Rati Levesque: Yes. And to add on a little more to that, we are looking at to Caitlyn’s point, the health of the business as far as the quality of those buyers, how much are they spending? What are they looking at mid and high value and so forth? So there’s other measure we can look at there, as far as the health of the buyer.
Mark Altschwager: Okay and as a quick follow-up, and apologies if I missed that I was redialing in during the first question, but just regarding the Q4 outlook, you essentially held the EBITDA guide while the GMV and sales are a bit below what was implied in the prior outlook. I was hoping you could pack that a bit more and just in terms of the unchanged EBITDA, how much of that is some incremental cost efficiencies you’re finding versus any shifts in revenue mix or other factors?

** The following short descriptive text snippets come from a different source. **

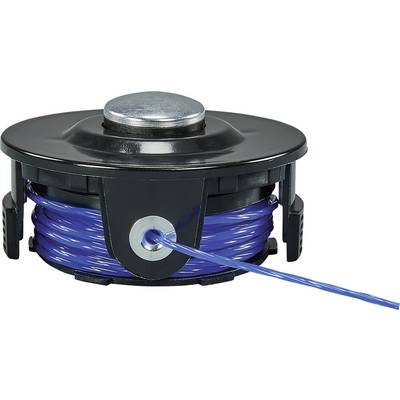 Een zwarte spoel met blauwe kunststofdraad, geschikt voor grastrimmers. Centrale metalen afdekking voor een veiligere grip op de draad.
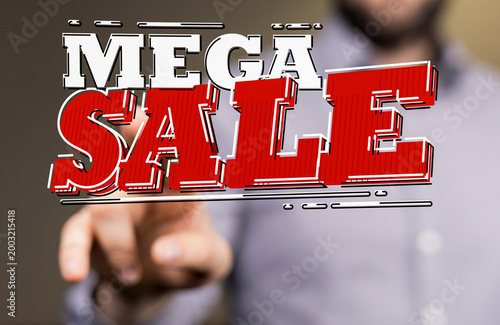 Hand pointing at Mega Sale text, perfect for advertising deals and special offers. Great for retail,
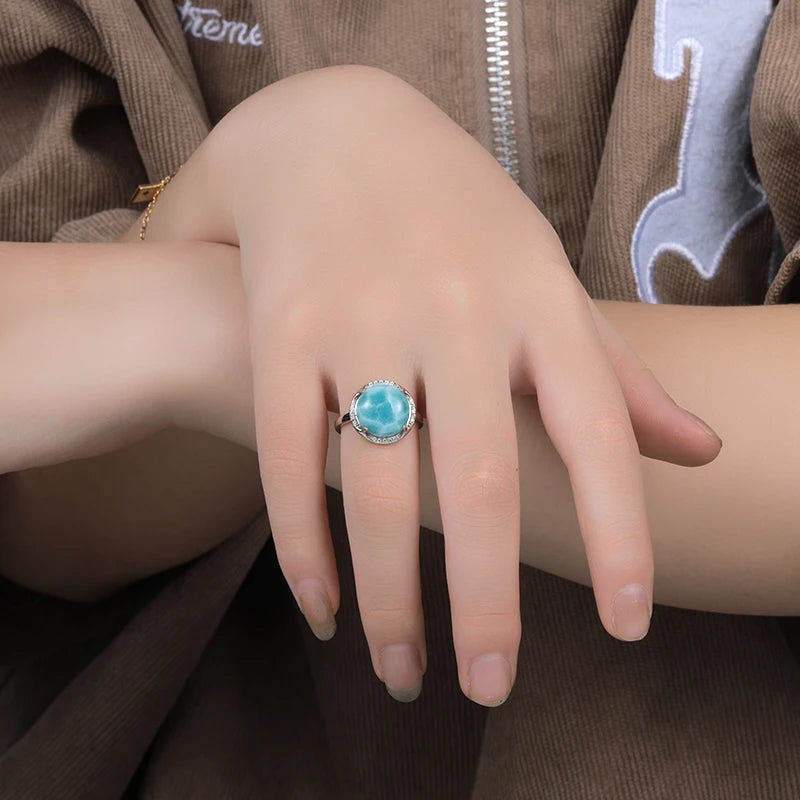 Larimar Round Halo Ring, 925 Sterling Silver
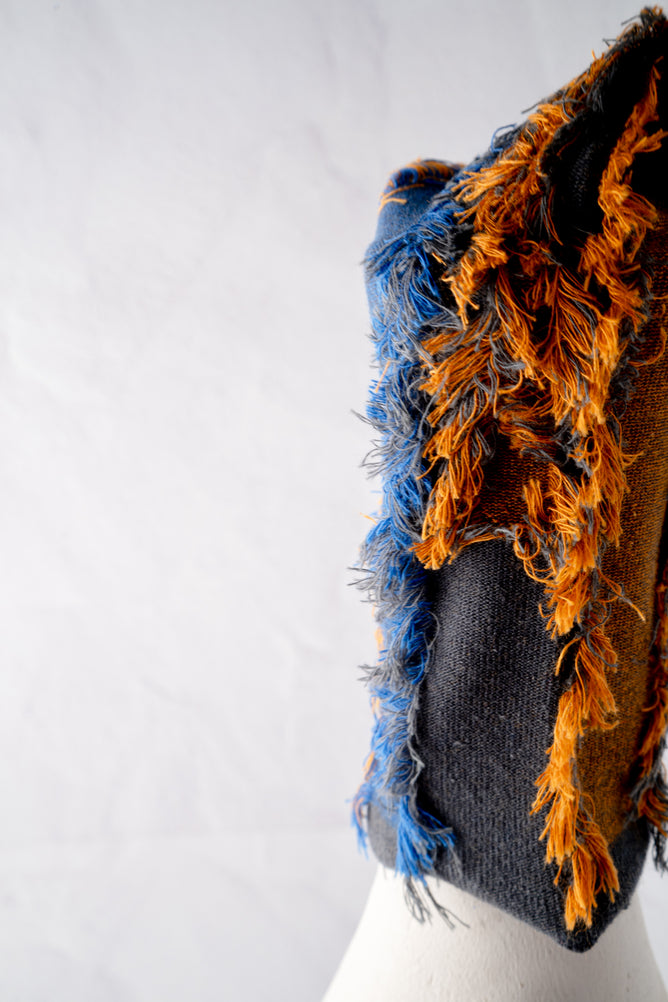 Moyuru Fringe Detail Socks, Gold and Blue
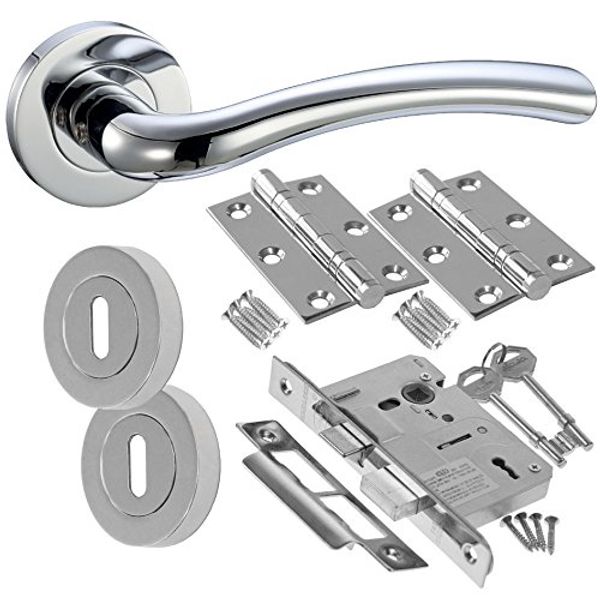 Assisi Door Handle Set - Lock Door Pack - Polished Chrome
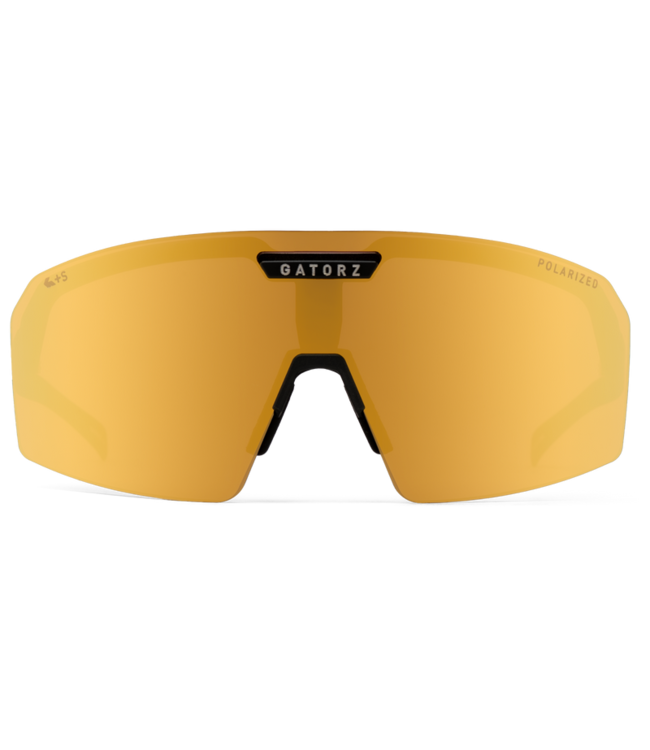 Gatorz Havok Eyewear: Black Frame w/Engraved Logo, Smoke w/Gold Mirror w/Anti-Fog Lens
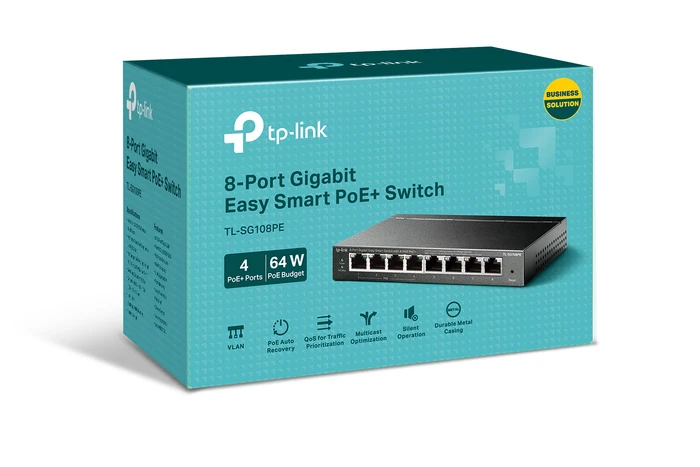 Thumbnail 1 de TP-Link TL-SG108PE: Managed Switch mit 4 PoE-Ports für VLAN, Priorisierung und Netzsegmentierung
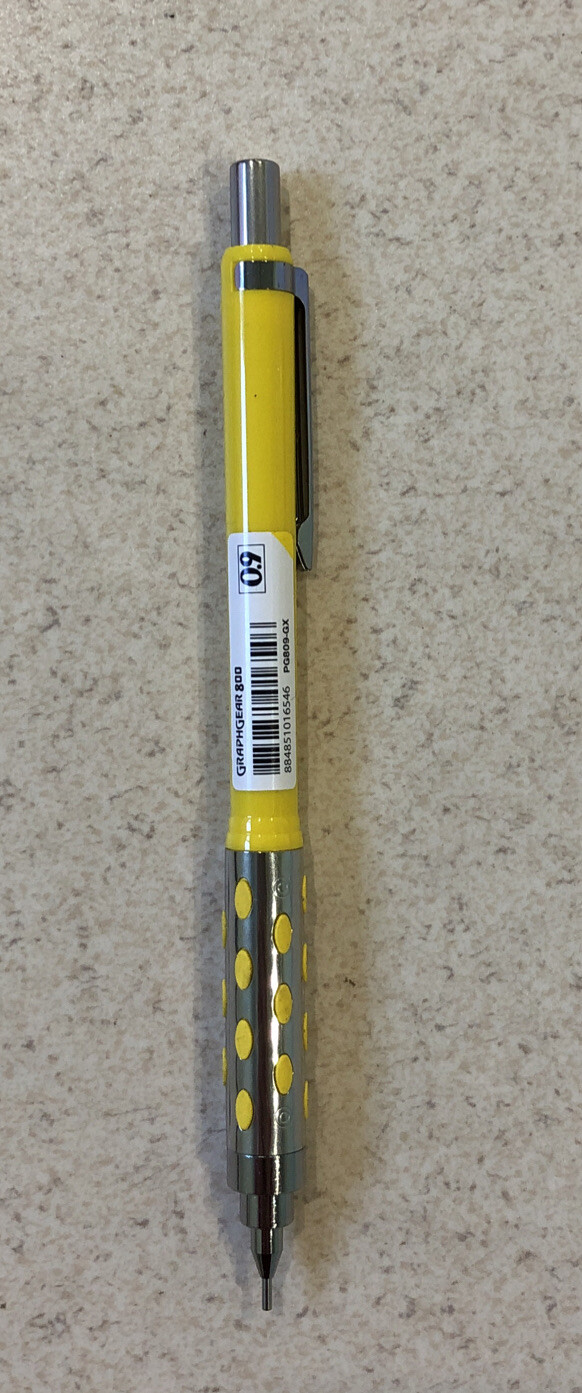 Pentel Graphgear 800 Mechanical Drafting Pencil, Yellow Barrel 0.9 mm PG809-G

Robert Julian: Yes, Mark, this is Robert. I’ll take that. I would just say that our guide for Q4, there is a certain amount of uncertainty in the markets today. There’s a lot going on globally geopolitically with the economy. So we’re just being a little bit prudent and cautious, I would say, in taking that all into account. There’s nothing in our expected results for Q4 that indicates some kind of change in trend or any backtracking or anything else that might be negative other than just a little bit of uncertainty and, we’ll see how things progress, but, just again, trying to be prudent and taking all of that into account, but the things that have improved our results and you saw in Q3 are expected to continue and they’re largely structural what you’ve seen in our results in Q3 and so there’s nothing to be gleaned or nothing hidden in terms of the Q4 results. In terms of that progression going from Q3 to Q4.
Operator: Our next question comes from Ike Boruchow from Wells Fargo.

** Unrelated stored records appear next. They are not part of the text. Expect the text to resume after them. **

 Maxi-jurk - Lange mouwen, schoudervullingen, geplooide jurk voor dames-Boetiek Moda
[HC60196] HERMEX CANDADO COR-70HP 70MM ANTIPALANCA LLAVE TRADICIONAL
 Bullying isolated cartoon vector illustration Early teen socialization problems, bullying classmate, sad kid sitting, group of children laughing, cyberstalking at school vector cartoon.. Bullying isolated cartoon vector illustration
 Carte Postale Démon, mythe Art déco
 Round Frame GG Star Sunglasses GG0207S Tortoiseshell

Ike Boruchow: Couple of quick questions from me. Congrats on the gross margin this quarter, above 70%.That’s great to see. Is that, I know there’s some seasonality, but now that you’ve kind of improved the efficiencies in the business, and got the gross margins up there, is that a run rate we should use. I think 3 months ago, you said you thought you could get to the high 60s exiting the year. Just kind of curious how we should think about gross margin in the fourth quarter and then my second question is, another reiteration of the adjusted EBITDA profitable by next year. Just be helpful if there’s any APIs you can kind of give us that underpin that, whether it’s AOV or gross margin, or just anything to kind of help us understand what what’s underpinning that assumption that you guys continue to reiterate.
Robert Julian: This is Robert. I’ll take that. Regarding the gross margin in Q3, as I mentioned earlier, the changes we made are largely structural and so we had a rate card change back in November, structural change. We have reiterated eliminating the direct business and that is a permanent shift to a much lower proportion of our total revenue coming out of direct, which improved our mix and improved gross margin. We’ve also seen in Q3, beginning of a return to the margin within the direct business improving and when we had some quarters, as we were trying to get rid of the work through the old inventory and work our inventory down, we were doing some pretty significant discounting of that direct inventory that direct owned inventory and we had some quarters where we had zero or even negative, reported gross margin and what you’ve seen is a return to positive margin for the direct business and that’s also a return to normal and more structural.